Stefan: Ich hätte gerne gewusst, wann die dritte Staffel von «Weeds» im Free-TV ausgestrahlt wird.

Markus Ruoff: Das hätte ich auch gerne gewusst. Ernsthaft: ProSieben zeigt die dritte Staffel von «Weeds» voraussichtlich ab September dieses Jahres. Möglich wäre auch noch ein früherer Start im Juli oder August 2008. Das hängt aber vom Sendeplatz ab, ob ProSieben die neuen Folgen erst kurz nach Mitternacht (wie zunächst geplant) oder schon nach 23.00 Uhr ausstrahlt.

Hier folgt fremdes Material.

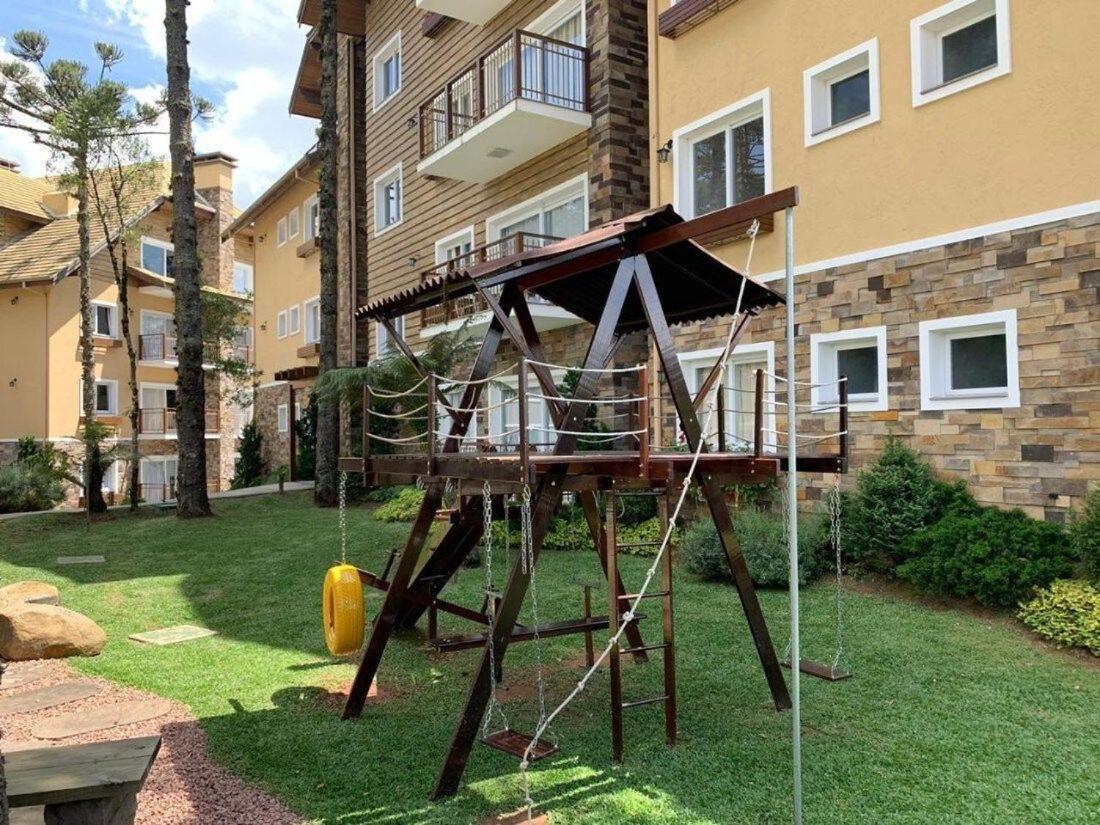 103/3 Apto Com Piscina Aquecida Gramado Exterior photo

Kai: Wird die fünfte Staffel von «Las Vegas» noch synchronisiert, auch wenn es zur Zeit nicht nach einer baldigen Ausstrahlung aussieht?

Markus Ruoff: Selbstverständlich. Immerhin zeigt der FOX Channel ab Herbst dieses Jahres die fünfte Staffel von «Las Vegas» in deutscher Erstausstrahlung. Viele Zuschauer werden es vermutlich dennoch nicht mitbekommen…

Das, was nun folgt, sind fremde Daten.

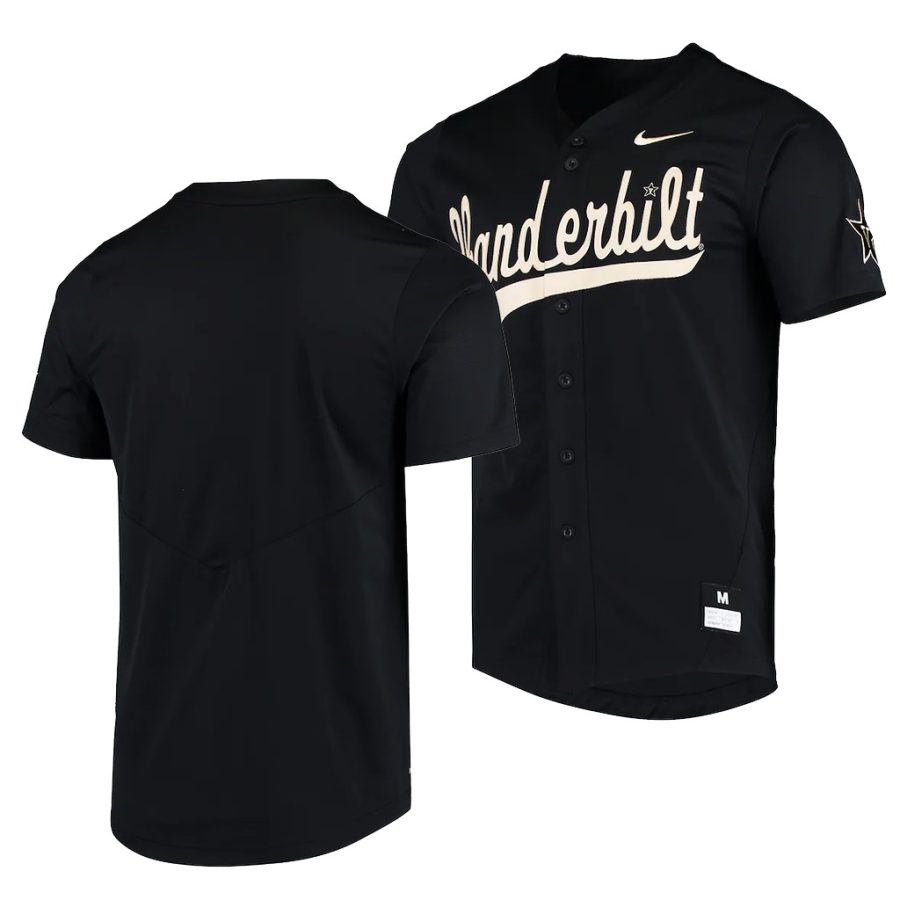 vanderbilt commodores black college baseball vapor untouchable elite jersey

Pascal: Warum wird manchmal bei Spielfilmen und Serien die Szene von vor der Werbepause nach der Werbung wiederholt?

Markus Ruoff: Auch das hat einen banalen Grund. Die Fernsehsender gewinnen damit einfach wertvolle Zeit. Bei einem zweistündigen Spielfilm mit jeweils einer 30-sekündigen Szene, die nach der Werbung noch einmal gezeigt wird, kann der Sender unter Umständen bis zu zwei Minuten an Sendezeit füllen. Insbesondere wenn nicht so viel Werbung gebucht wurde, ist das ein gerne angewendetes Mittel. Um es aber freundlicher zu formulieren: Die Sender wollen den Zuschauern den Einstieg nach der Werbung damit so leicht wie möglich gestalten.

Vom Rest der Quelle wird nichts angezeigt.